Captioned web images:
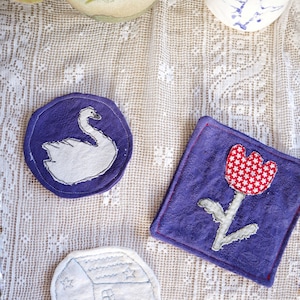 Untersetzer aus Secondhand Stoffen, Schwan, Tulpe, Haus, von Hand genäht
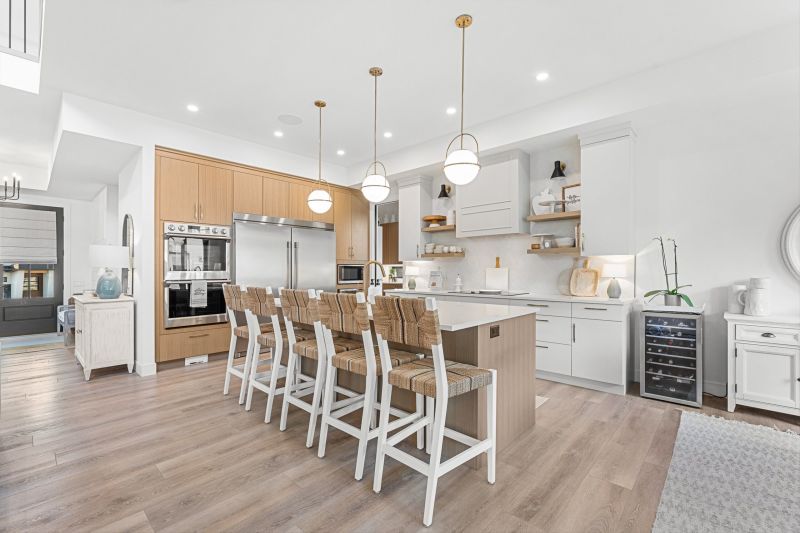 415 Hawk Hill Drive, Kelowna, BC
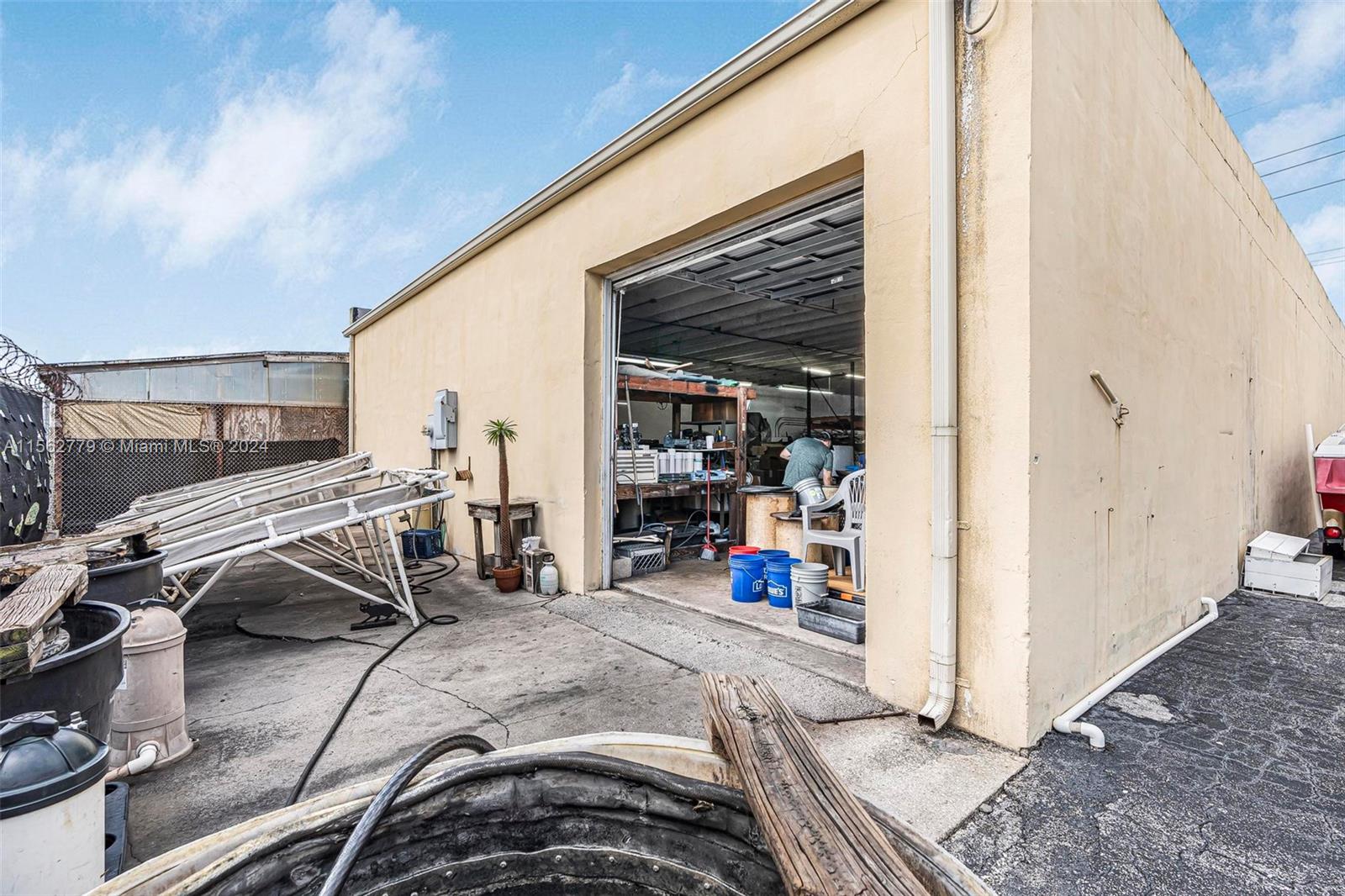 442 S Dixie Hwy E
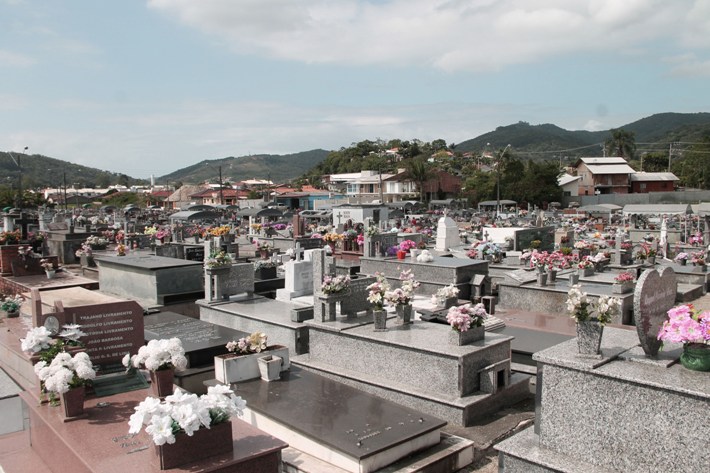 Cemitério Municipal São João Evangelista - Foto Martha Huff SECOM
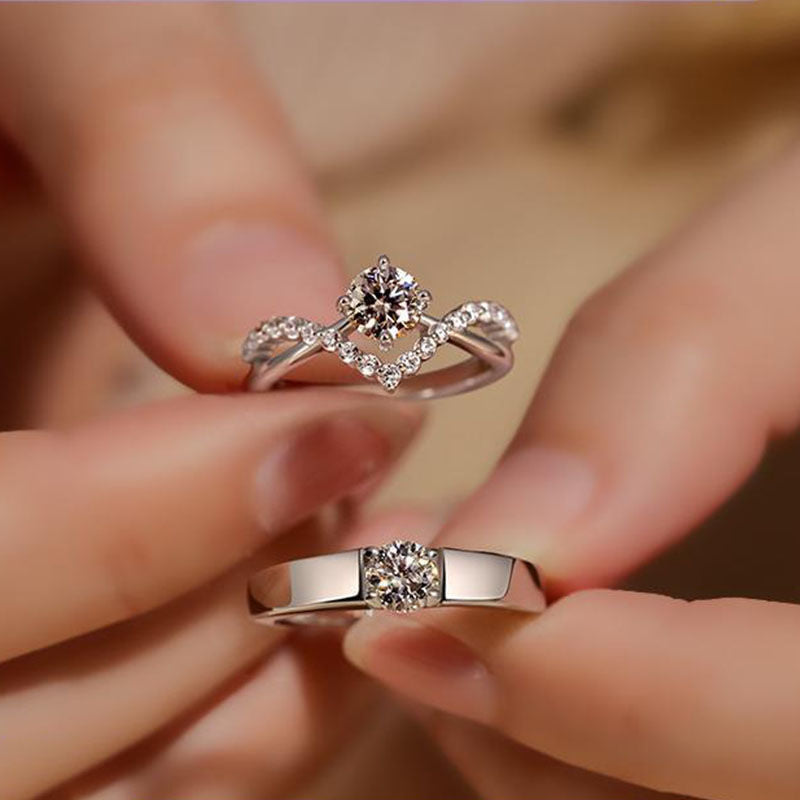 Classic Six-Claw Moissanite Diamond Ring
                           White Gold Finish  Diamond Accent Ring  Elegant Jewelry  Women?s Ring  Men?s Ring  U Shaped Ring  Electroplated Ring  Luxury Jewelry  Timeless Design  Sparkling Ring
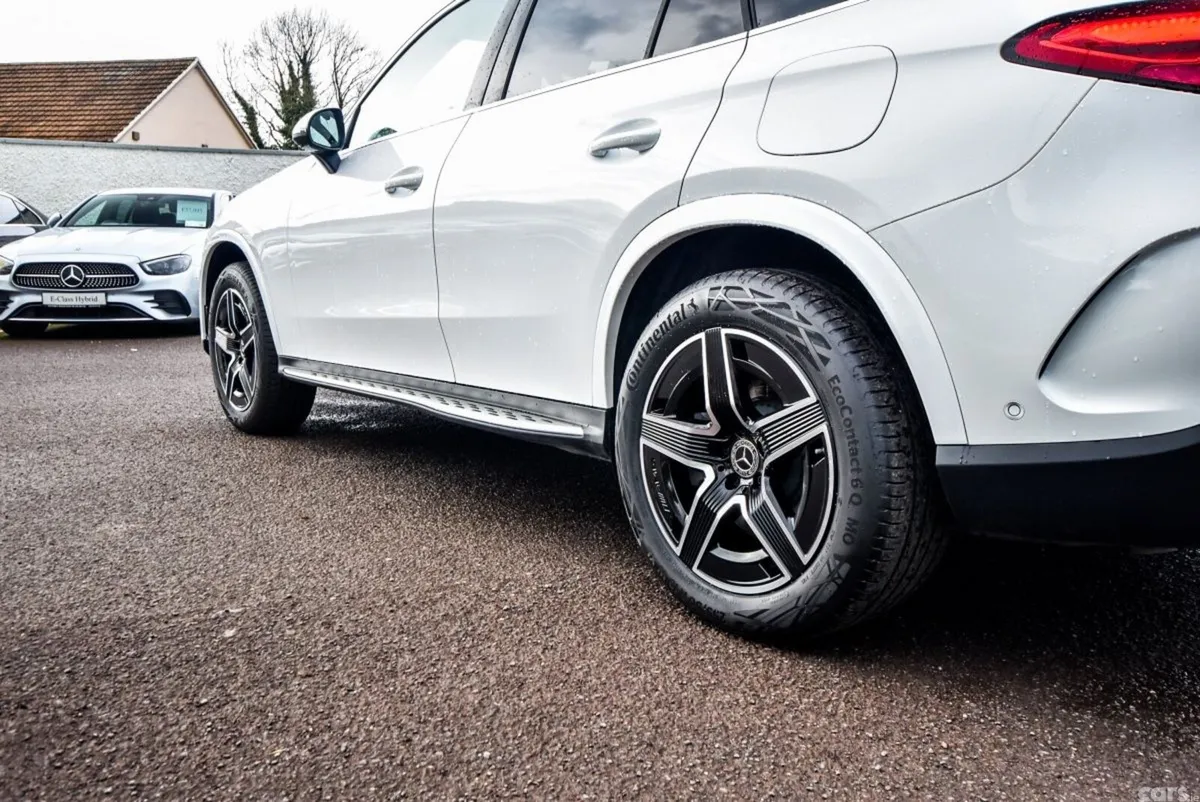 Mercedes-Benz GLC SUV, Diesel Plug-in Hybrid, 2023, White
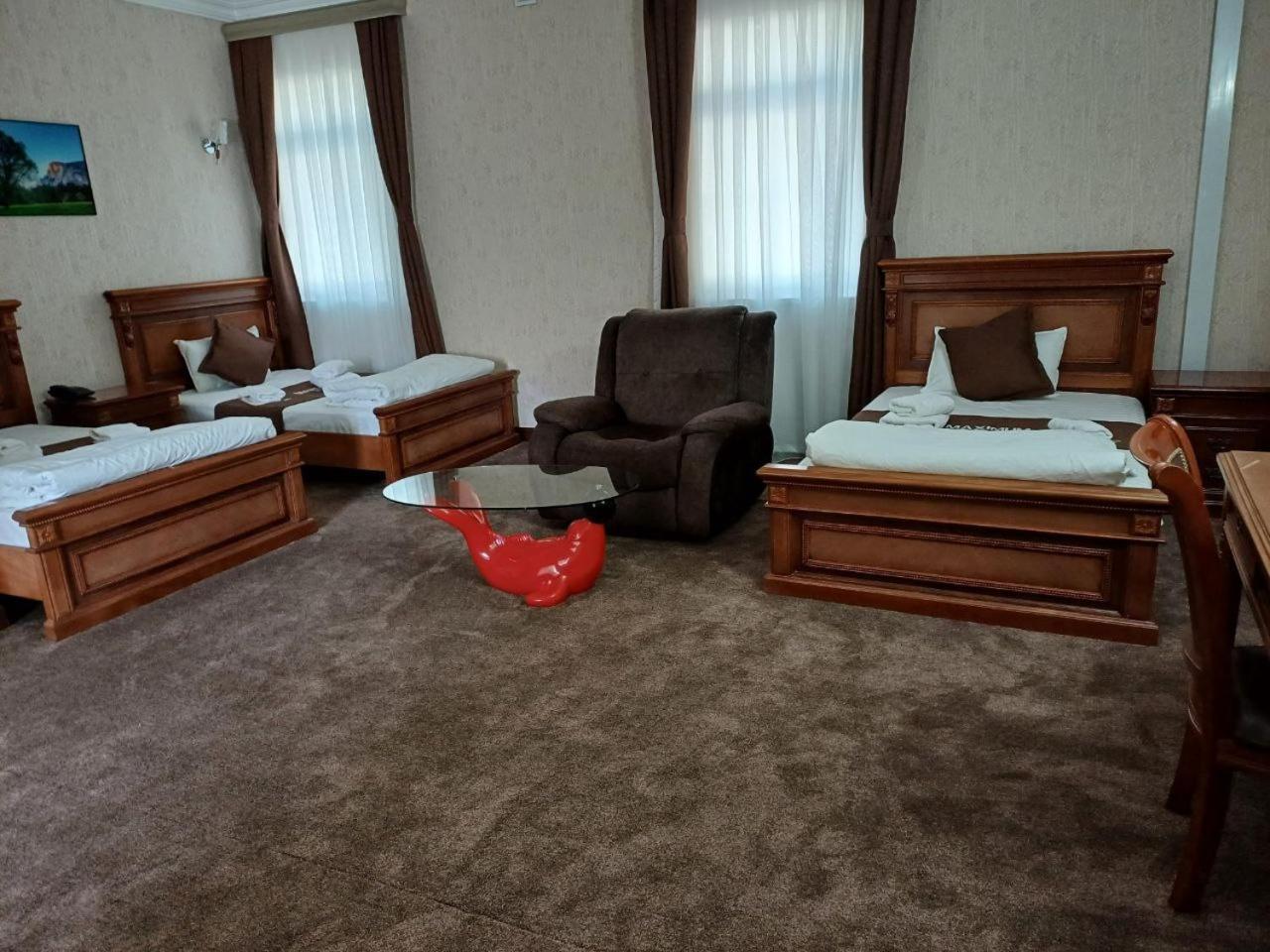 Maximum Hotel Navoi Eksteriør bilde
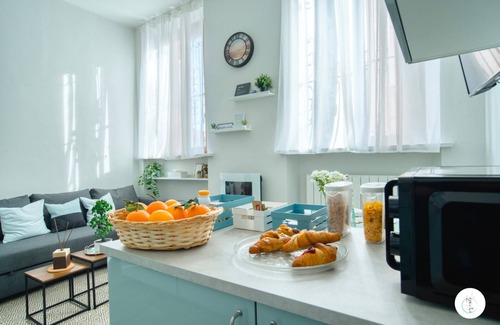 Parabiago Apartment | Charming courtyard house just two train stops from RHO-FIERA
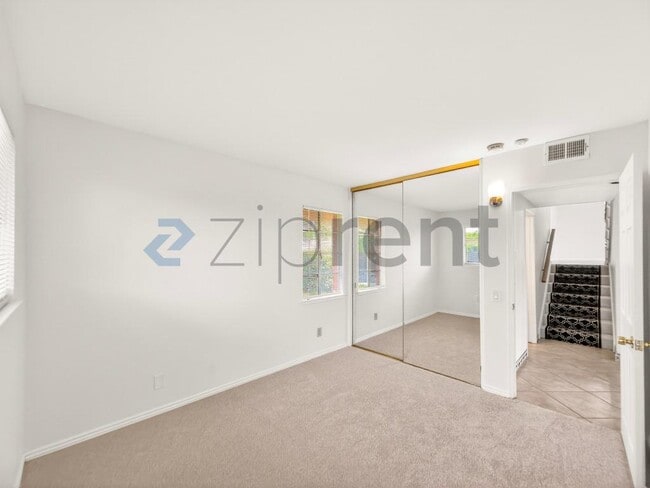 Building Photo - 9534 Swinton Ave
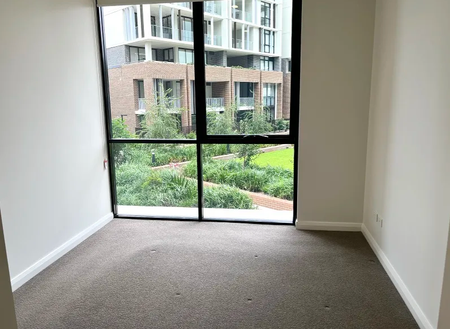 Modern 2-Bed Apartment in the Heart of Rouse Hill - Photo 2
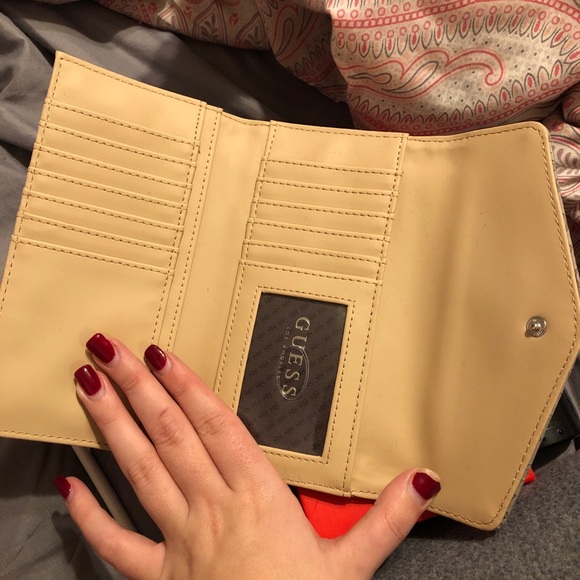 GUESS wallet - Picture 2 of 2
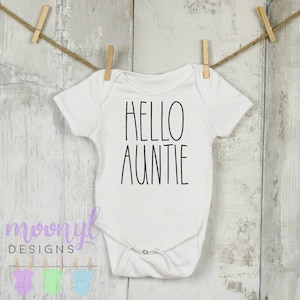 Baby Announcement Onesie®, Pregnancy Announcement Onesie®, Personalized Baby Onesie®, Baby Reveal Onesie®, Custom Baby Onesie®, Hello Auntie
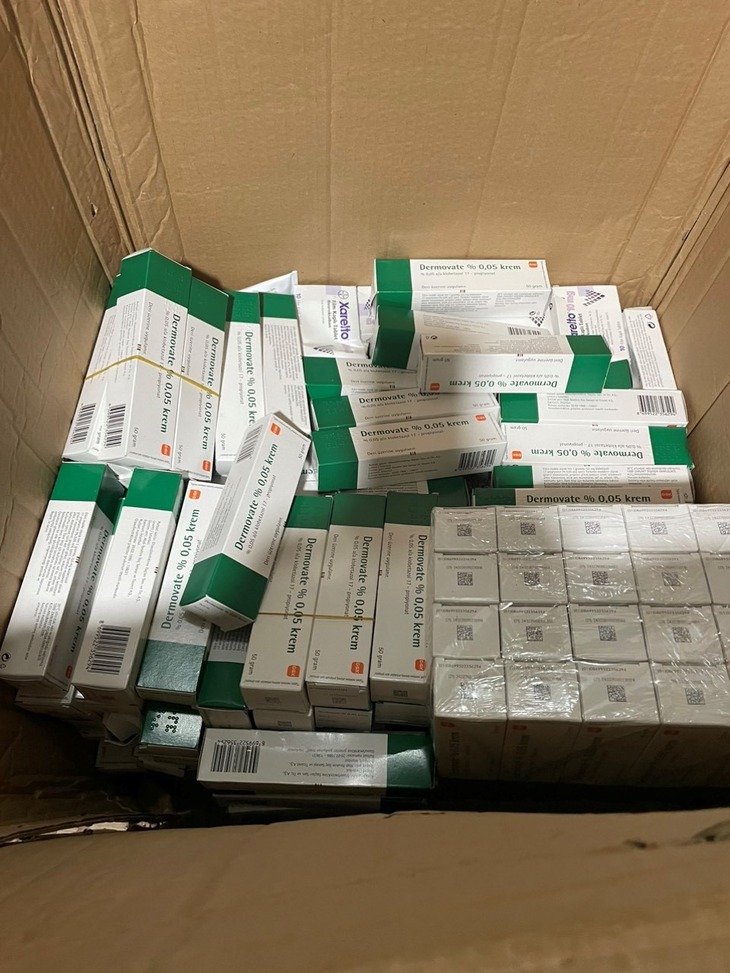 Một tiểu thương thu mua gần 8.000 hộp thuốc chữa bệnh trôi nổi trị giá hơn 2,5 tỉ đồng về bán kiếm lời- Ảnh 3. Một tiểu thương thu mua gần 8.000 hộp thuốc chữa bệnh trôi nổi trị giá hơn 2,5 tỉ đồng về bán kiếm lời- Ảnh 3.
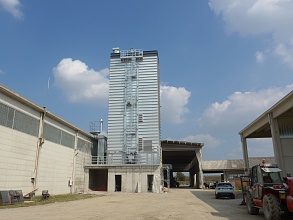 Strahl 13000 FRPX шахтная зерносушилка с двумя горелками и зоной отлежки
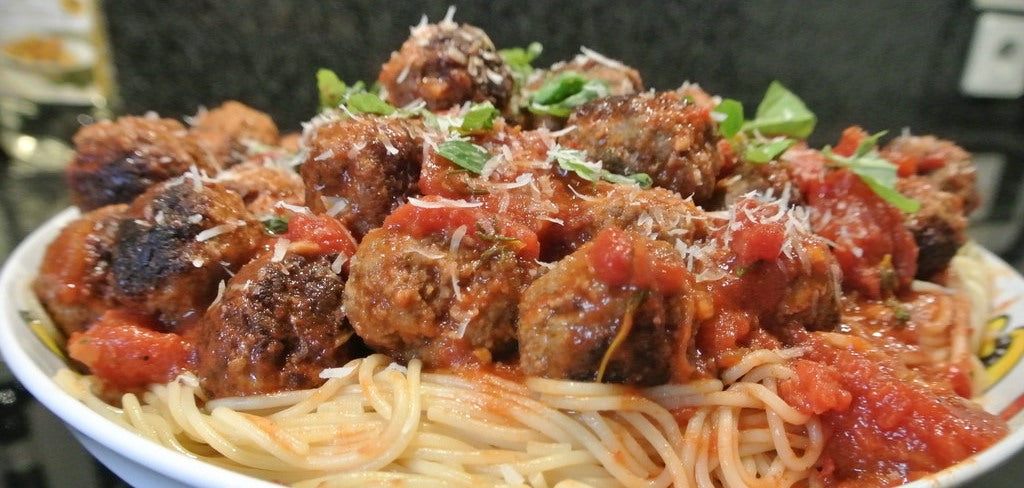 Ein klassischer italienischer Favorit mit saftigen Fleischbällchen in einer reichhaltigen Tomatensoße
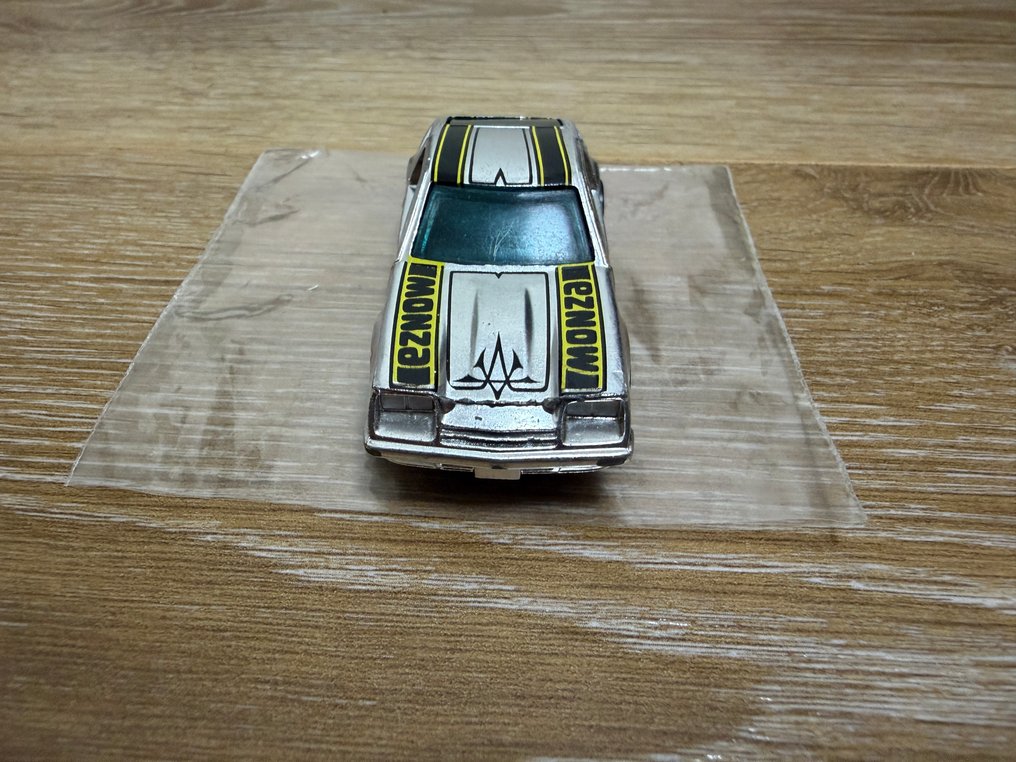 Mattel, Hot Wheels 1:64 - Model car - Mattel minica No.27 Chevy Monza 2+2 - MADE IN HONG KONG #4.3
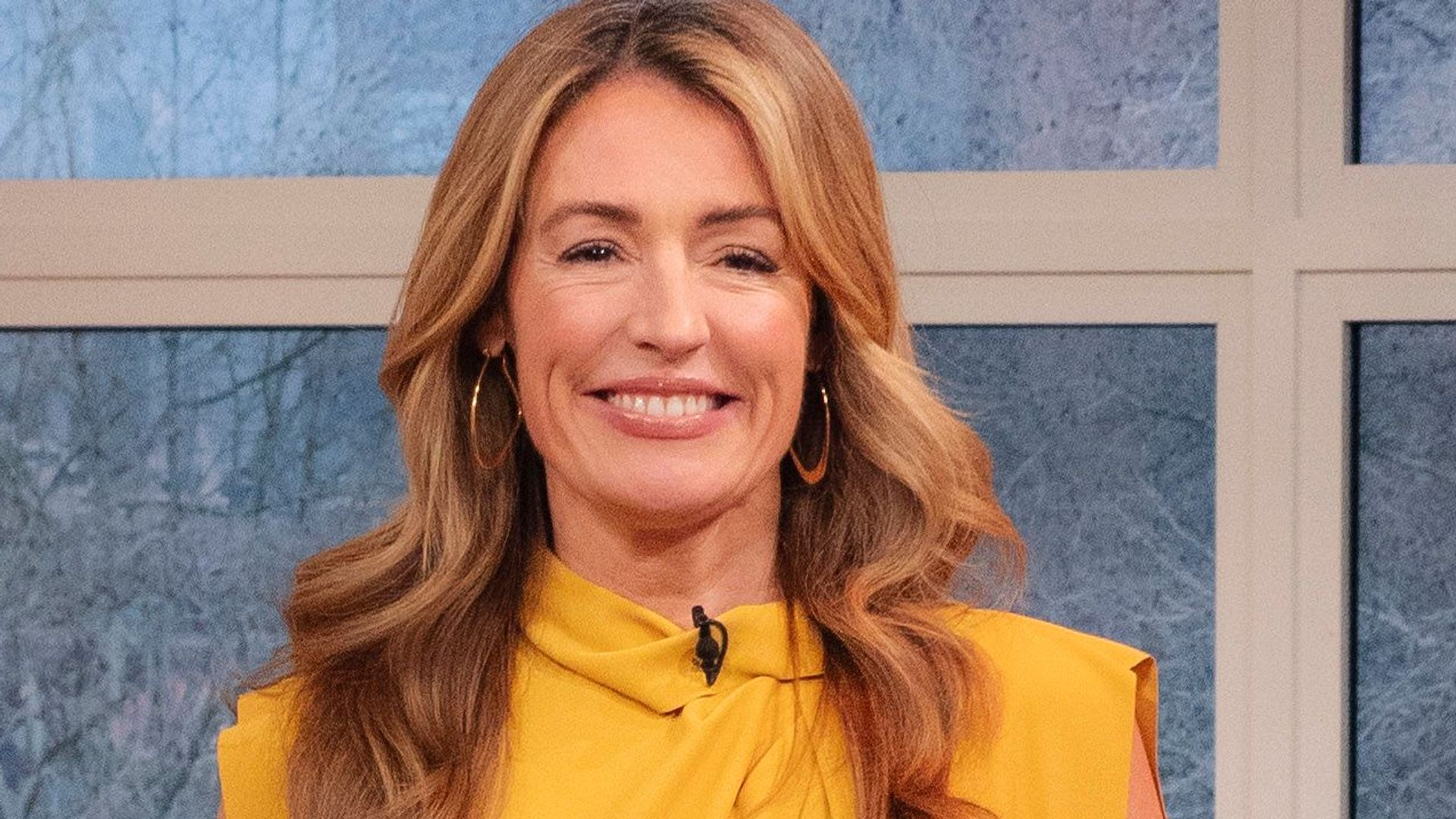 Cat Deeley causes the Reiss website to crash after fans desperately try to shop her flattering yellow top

> _WHAT IS BEING ASKED_:
Out of the records above, please copy exactly the lines from the line with "415 Hawk Hill Drive, Kelowna, BC" up to and including the line with "Classic Six-Claw Moissanite Diamond Ring", minus the pictures.

> _THE COMPLETED TASK_:
 415 Hawk Hill Drive, Kelowna, BC
 442 S Dixie Hwy E
 Cemitério Municipal São João Evangelista - Foto Martha Huff SECOM
 Classic Six-Claw Moissanite Diamond Ring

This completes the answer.